Required work: Transcribe, exactly and without pictures, the lines below from the line with "Striped Ribbed Adjustable" to the line with "Trendy Girls Printed", both ends included, and no others.

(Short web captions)
++++++++++++++++++++
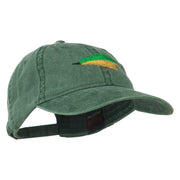 Fishing Green Fly Embroidered Washed Cap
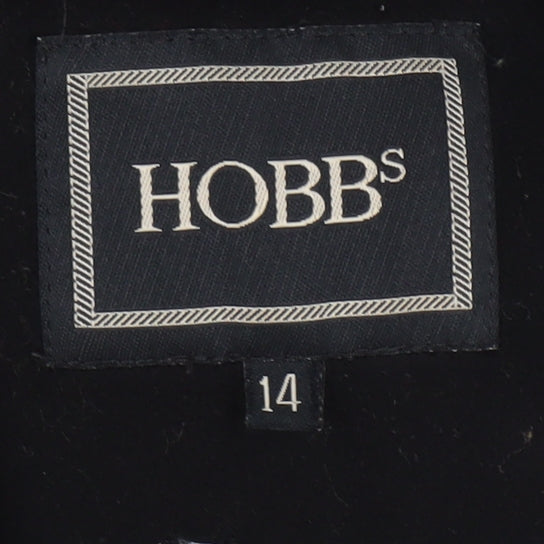 Hobbs Women's Black Wool Overcoat Size 14 Long Sleeve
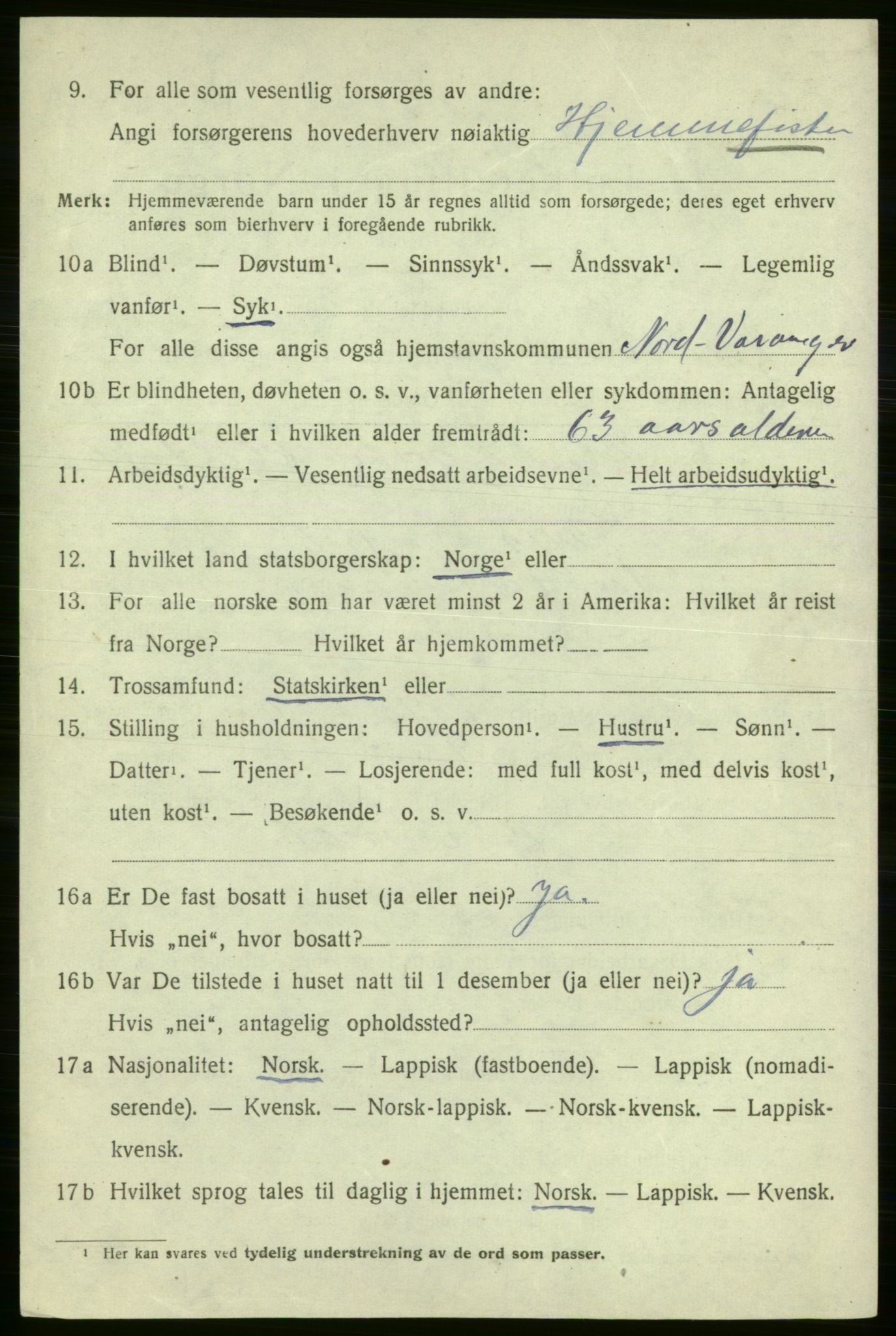 SATØ, 1920 census for Nord-Varanger, 1920, p. 1228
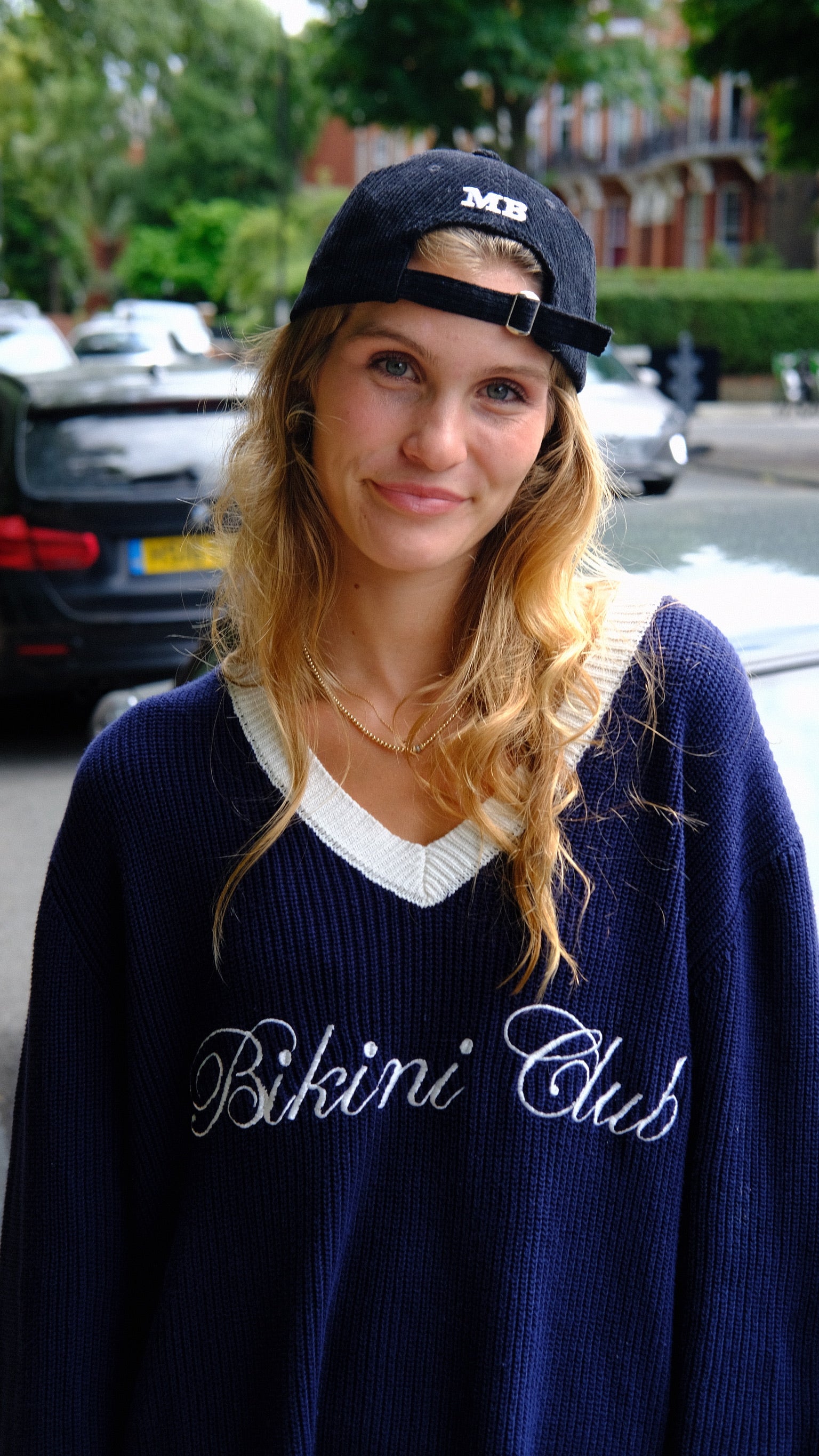 "Finders Keepers" Navy Knitted Cotton Jumper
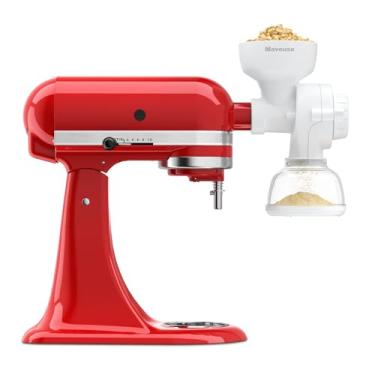 Imagem de Mavouse Acessório de Moinho de Grãos para Misturador de Suporte Kitchenaid, Acessório de Moedor de Farinha de 8 Níveis para Trigo, Milho, Aveia, Feijão de Café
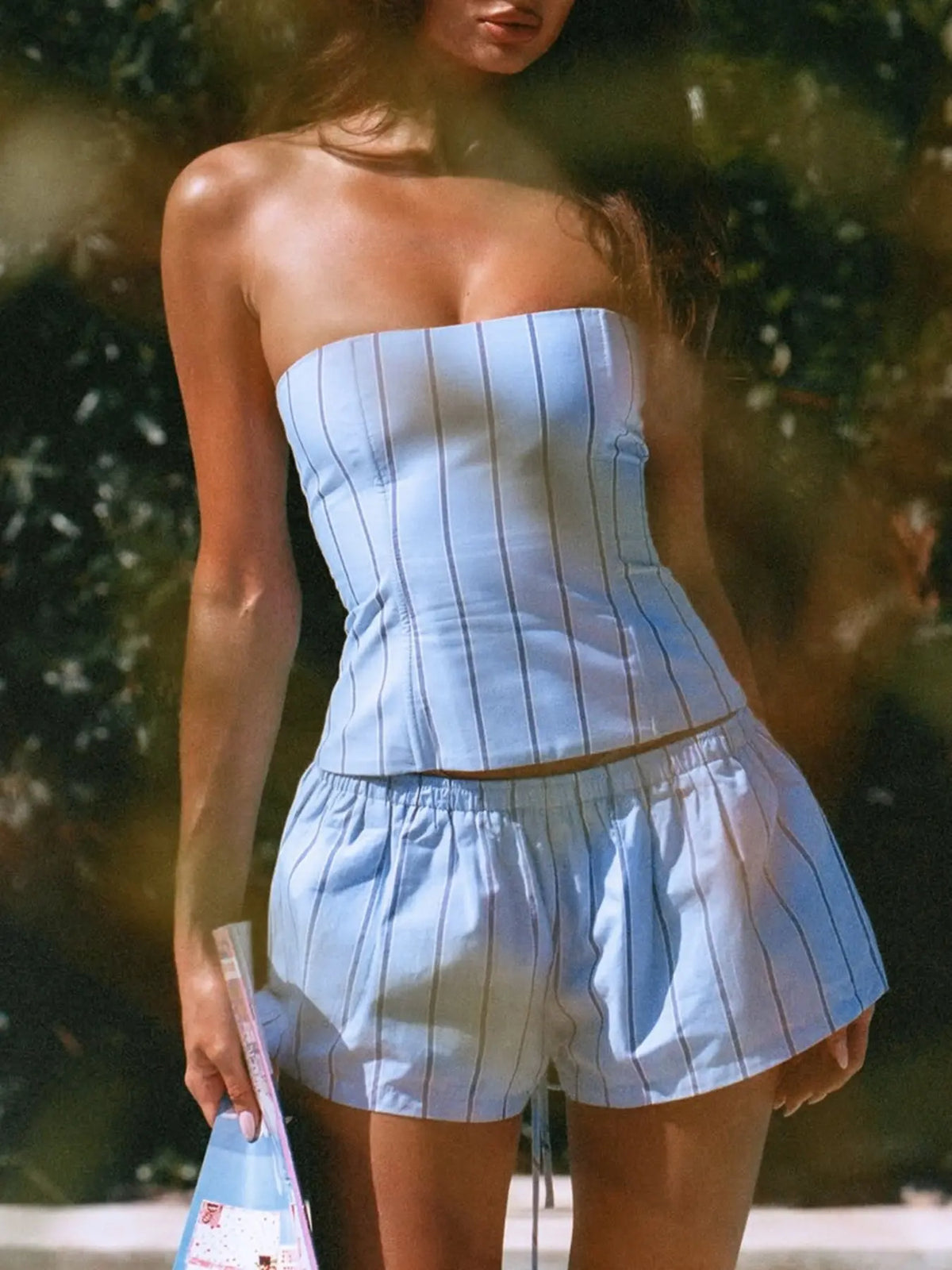 Striped Ribbed Adjustable Drawstring Corset Top & Shorts Matching Clothing Set Two-Piece for Women Summer Sexy Chic Strapless Crop Top and Shorts 2 Piece Set Two Piece Outfit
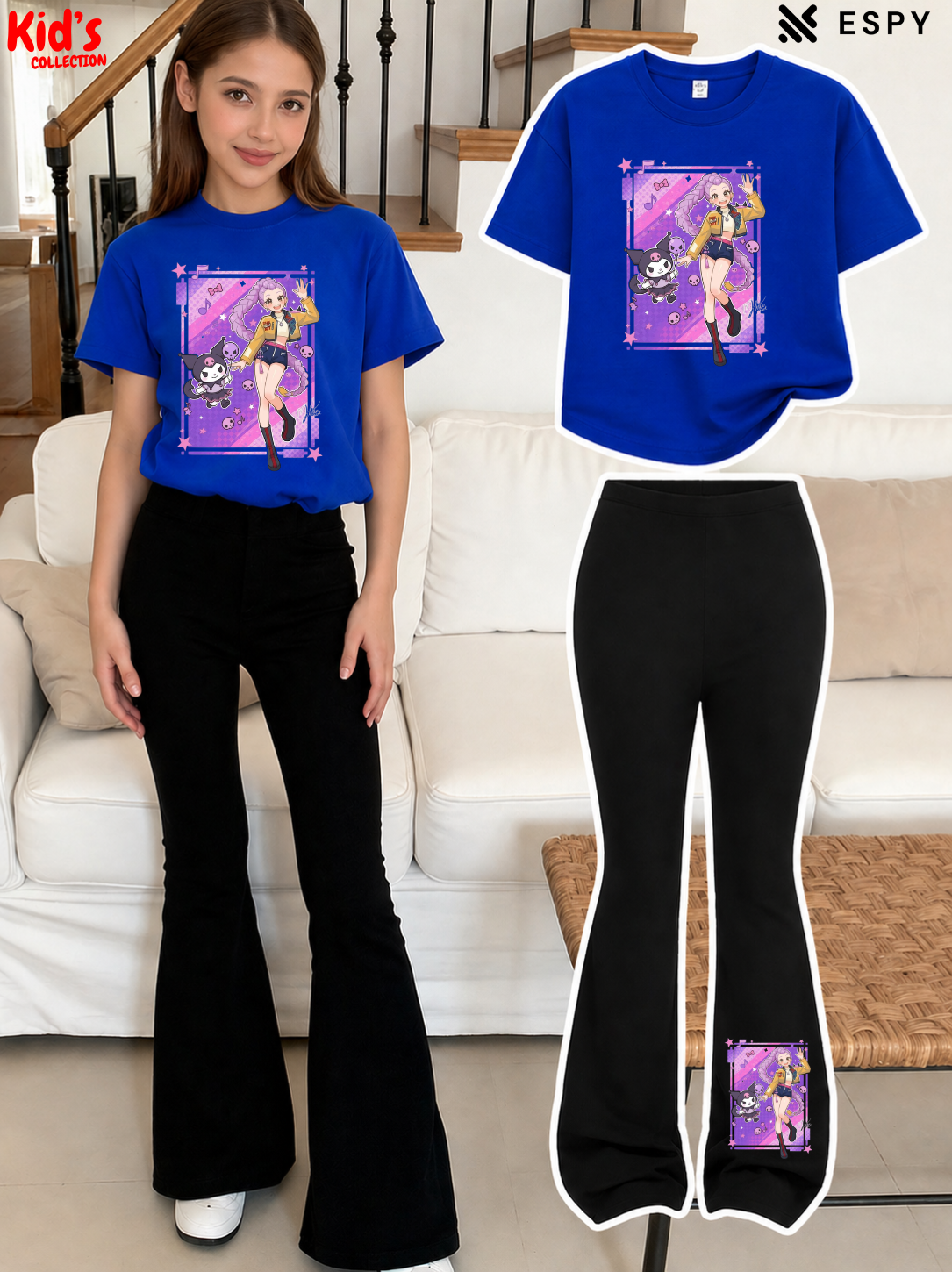 Trendy Girls Printed Co-Ord Set with Flared Pants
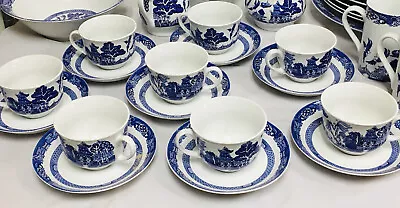 Blue Willow Royal Cuthbertson Blue White 8 Cups  Tea Coffee China Dinnerware • $80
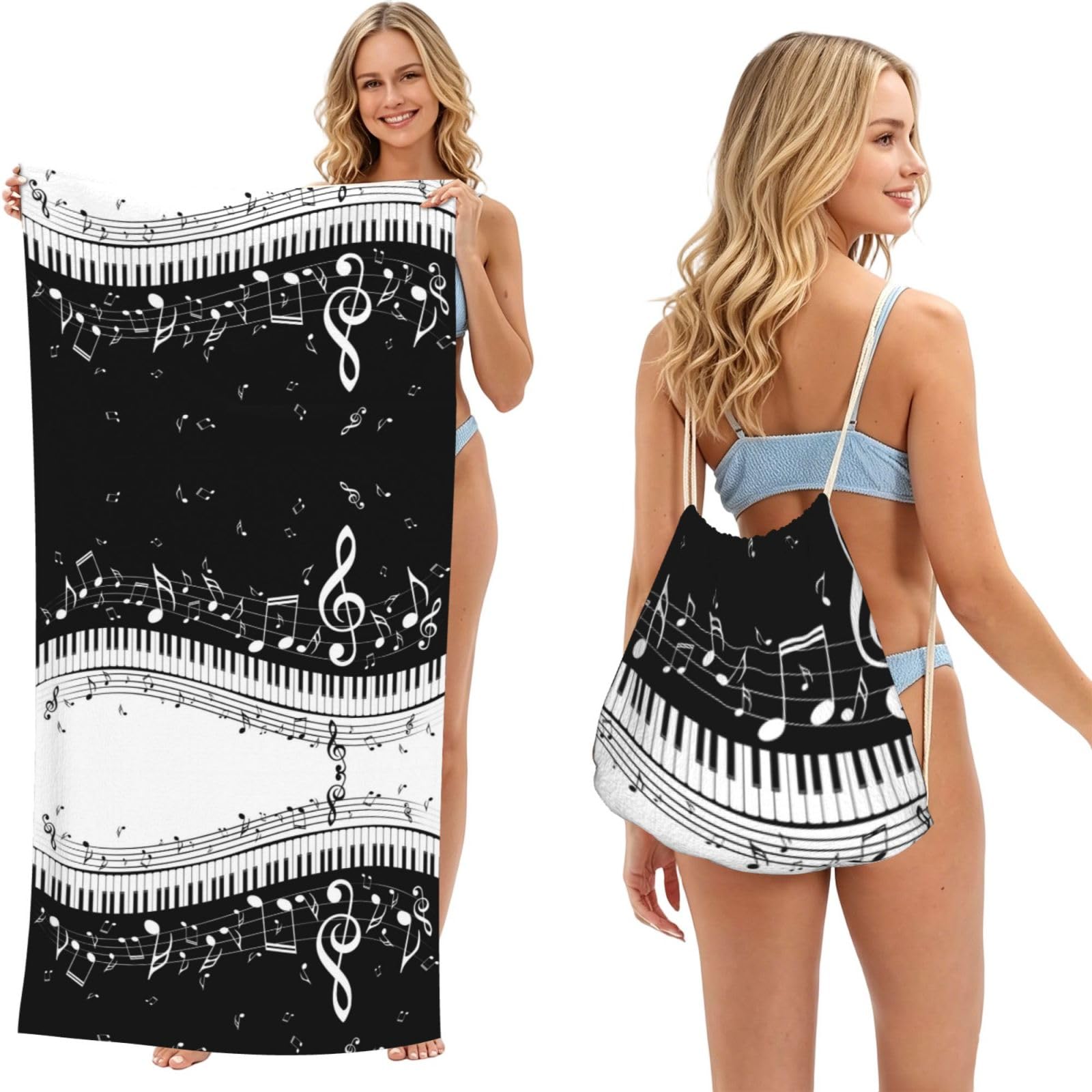SATUSA Piano Keys With Musical Notes Print 2-In-1 Foldable Beach Towel Backpack â€“ Camping, Yoga And Travel,Bath Towel With Built-In Storage, Convertible Beach Mat & Carry Bag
++++++++++++++++++++
Task answer:
 Striped Ribbed Adjustable Drawstring Corset Top & Shorts Matching Clothing Set Two-Piece for Women Summer Sexy Chic Strapless Crop Top and Shorts 2 Piece Set Two Piece Outfit
 Trendy Girls Printed Co-Ord Set with Flared Pants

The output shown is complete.